In one of the many scenes of churning fear and rage that make up “A Vigilante,” Sadie (Olivia Wilde), a crime-fighting desperado in upstate New York, sits in the living room of a respectable-looking middle-aged man and explains to him how things are going to be. She’s wearing a disguise — she has given herself the spirit-gum wrinkles and fuddy-duddy clothing of a primly officious lawyer — but there’s nothing concealed about her words. With an air of ice-cold calm, she orders the man to sign over three-quarters of his savings and quit his finance job, and to leave the home he’s sitting in forever. The movie then cuts to the end of the episode, when he’s a bloody mess, skulking out of the house with his life and dignity and future in tatters.

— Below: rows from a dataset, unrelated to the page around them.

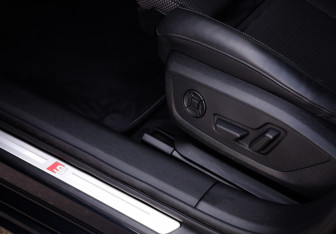 Подержанный автомобиль Audi A6 Sedan 2020 года (22 фото)
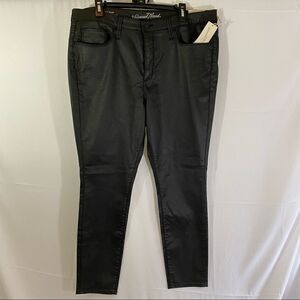 Universal Thread Women’s High Rise Skinny Waxed Coated Pants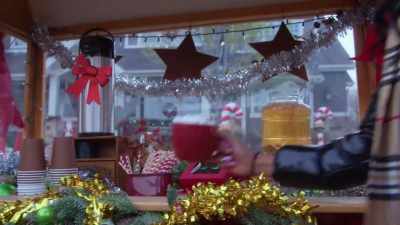 ["jingle bells" playing]
Jingle bells, jingle bells, - Haul Out the Holly: Lit Up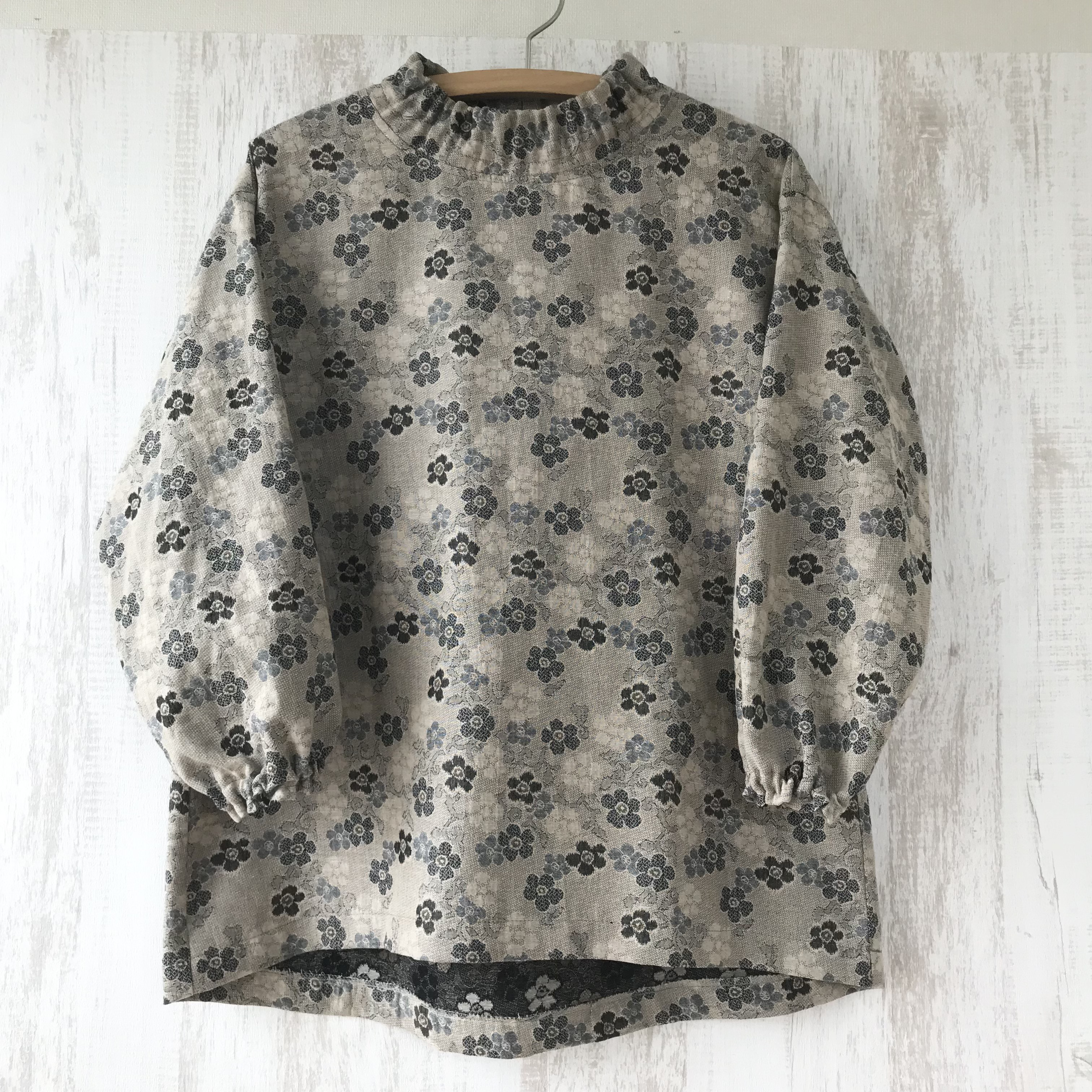 柔らか　二重織ジャガード地　ゆったり　ブラウス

The man is a domestic abuser; Sadie has arrived to save — and liberate — his wife, with an attitude of pitiless wrath that leaves no room for doubt. She’s exactly what the film’s title says she is: an avenger who takes the law into her own hands, transforming herself into a brutally righteous underground heroine.
Yet Sarah Daggar-Nickson, the audaciously gifted writer-director of “A Vigilante,” hasn’t just some made glib feminine flip-flop of a Charles Bronson film. If you watch a movie like “Death Wish” (not the recent Bruce Willis remake, which was so smirky-slick it left no traces, but the down-and-dirty Bronson original), it’s easy to get onto the wavelength of a man prowling the night, shooting muggers with a handgun, and still be appalled by what the film is saying: that an ordinary citizen has the right to be an executioner.
“A Vigilante” operates in a zone that’s less demagogic and more morally precise. Sadie doesn’t kill her victims, and despite the echo of her name, she isn’t a sadist; she’s not a blood fundamentalist seeking payback. She’s out to rescue women who are trapped in a living nightmare, and by cutting their abusers loose she achieves a rough justice.
She is also a torn and fragmented human being, baptized in anguish, and Olivia Wilde’s nakedly emotional performance places her in a different category from all the male movie vigilantes (Bronson, Statham, etc.), or even the women like Uma Thurman in the “Kill Bill” films, who’ve exacted vengeance upon the evildoers who so deserve it. Sadie is a domestic-abuse survivor, and the movie, which unfolds with a prismatic time-leap structure that immerses us in every moment, is a rivetingly austere psychodrama that shows the audience what, exactly, is going on inside the heart and mind of someone who would dare to take on the role of living-room shadow warrior. Away from her mission, living out of cheap motels, Sadie weeps and rages, re-experiencing the trauma she suffered. Wilde shows you the place where terror and fury go through the looking glass and are alchemized into action.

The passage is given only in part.